Pour 540 fiches, il est possible de connaître au moins une durée complète d’un séjour en maison ou à domicile. En tout, nous disposons de 772 séjours complets. De manière grossière, on peut calculer la moyenne générale de ces séjours qui s’élevait à 64,27 jours – soit environ deux mois. Une durée exceptionnelle de neuf ans dans le même bordel fausse un peu ces résultats – si on ne la prend pas en compte, on obtient une durée moyenne de 60,16 jours. Ce résultat global masque de larges disparités d’une fille à l’autre, voire à l’intérieur d’un même parcours. Le tableau suivant répartit la moyenne des séjours calculée pour chaque fiche :
Durée moyenne | Nombre de parcours | % |
≤ 7 jours | 55 | 10 |
]7-15 jours] | 72 | 13,5 |
]15-21 jours] | 44 | 8 |
]21-30 jours] | 74 | 13,5 |
]30-60 jours] | 134 | 25 |
]60-90 jours] | 53 | 10 |
]90-120 jours] | 43 | 8 |
]120-150 jours] | 25 | 4,5 |
]150-180 jours] | 10 | 2 |
]180-210 jours] | 10 | 2 |
]210-240 jours] | 3 | 0,5 |
]240-270 jours] | 5 | 1 |
]270-300 jours] | 3 | 0,5 |
]300-330 jours] | - | - |
]330-360 jours] | 2 | 0,25 |
> 360 jours | 7 | 1,25 |
La première constatation est simple : une moyenne générale de deux mois est très peu élevée et est la marque d’une grande instabilité professionnelle ; les filles devaient changer fréquemment de maison et la ventilation des moyennes est réellement significative. La moyenne des séjours de la plupart des parcours était comprise entre un jour et un mois (45%) – et tout de même 10% restaient moins d’une semaine au même endroit. Voilà qui abonde dans le sens d’une importante mobilité. Le quart ne passait pas plus de deux à trois mois dans une maison. Au-delà, on note une forte décroissance, bien qu’encore 22,5% restaient entre trois et cinq mois. Seules 7,5% s’installaient plus de cinq mois et 1,25% plus d’un an. Ces exceptions ne démentent pas la brièveté des passages : en moyenne sept filles sur dix ne s’attardaient pas plus de deux mois dans un bordel – et souvent beaucoup moins. Généralement, nous ne possédons qu’un parcours complet par fille. Il y a cependant des exceptions. Dans ces cas, on se rend compte de la variation des durées au sein d’un même parcours. 5, 6, 7, 20, 29, 30, 45, 118 jours : Mariette Chaîne passait peu de temps dans chaque maison mais malgré tout restait entre cinq jours et presque quatre mois. Marie Charles resta quatre jours rue Ferrandière chez Bourgeon, avant d’y revenir, près de deux ans plus tard, pour y rester onze mois. Les écarts, ici exceptionnels, montrent bien les différences existantes ; les filles restaient quelques jours ici, quelques semaines là, à nouveau quelques jours ailleurs puis, parfois, quelques mois dans telle autre maison 1386 .
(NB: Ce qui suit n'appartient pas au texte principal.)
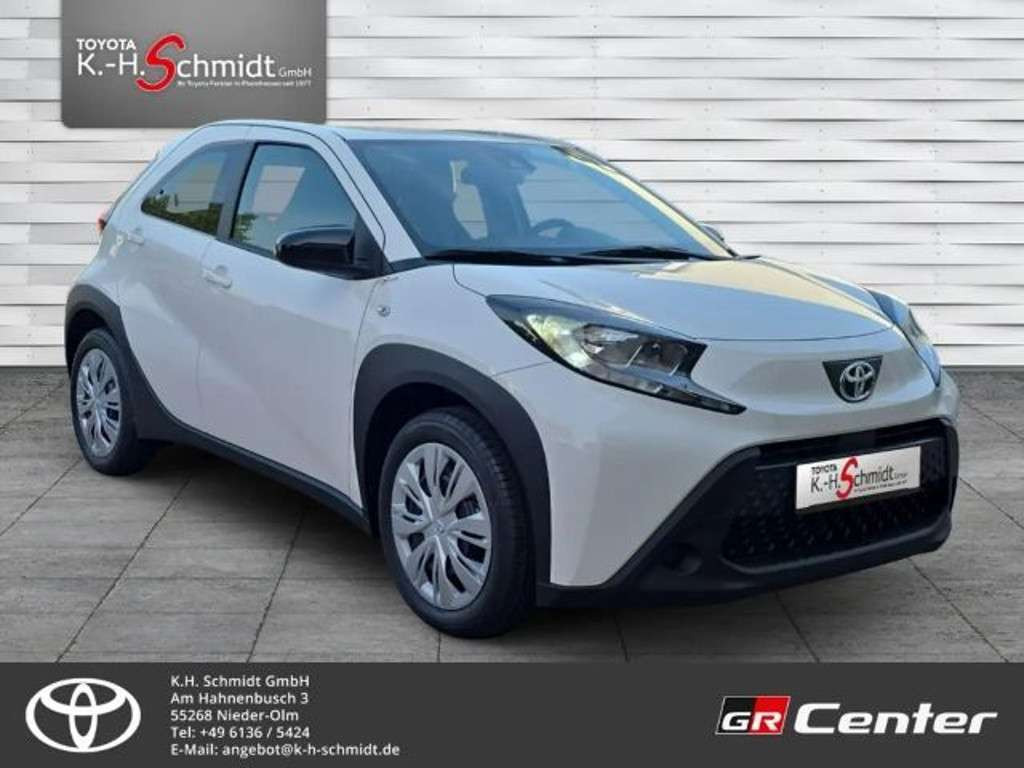 Toyota Aygo X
Peut-on expliquer la brièveté des séjours par des facteurs particuliers ? L’origine géographique n’apparaît pas comme une raison plausible ; la durée moyenne du séjour des Lyonnaises était supérieure d’une quinzaine de jours à la moyenne générale ; leur tendance à s’inscrire un peu plus longtemps dans une maison n’est pas confirmée dès lors qu’on considère celles qui restèrent plus de 150 jours au même endroit – les Lyonnaises, ni même les natives du Rhône, n’étaient alors surreprésentées. D’une manière identique, la répartition par classes indique des variations légères. Les séjours des filles en maison étaient plus courts que ceux des filles isolées et/ou clandestines, contrairement à ce qu’on aurait pu penser. Les maisons auraient donc davantage cherché le renouvellement que la stabilité. Enfin, il est patent que l’instabilité était liée à la jeunesse. Un séjour moyen durait environ 46 jours chez les 20 ans et moins, 58 jours chez les 21-30 ans et 100 jours chez les plus de 30 ans (sans prendre en compte celle qui resta neuf ans). Les fins de carrière étaient moins mouvementées chez les plus âgées qui avaient tout intérêt à s’installer durablement comme tenancières ou adjointes d’une mère maquerelle.
Une étude portant sur la prostitution lyonnaise des années 1852-1939 aboutit aux mêmes conclusions : les filles publiques restaient au maximum de six à neuf mois dans une maison et quelques jours au minimum. Cf. Cécile TOURNEUX, Prostitution et prostituées à Lyon (1852-1939), Mémoire de maîtrise dirigé par M. Yves Lequin, Lyon, Université Lumière Lyon 2, 1994, f° 54.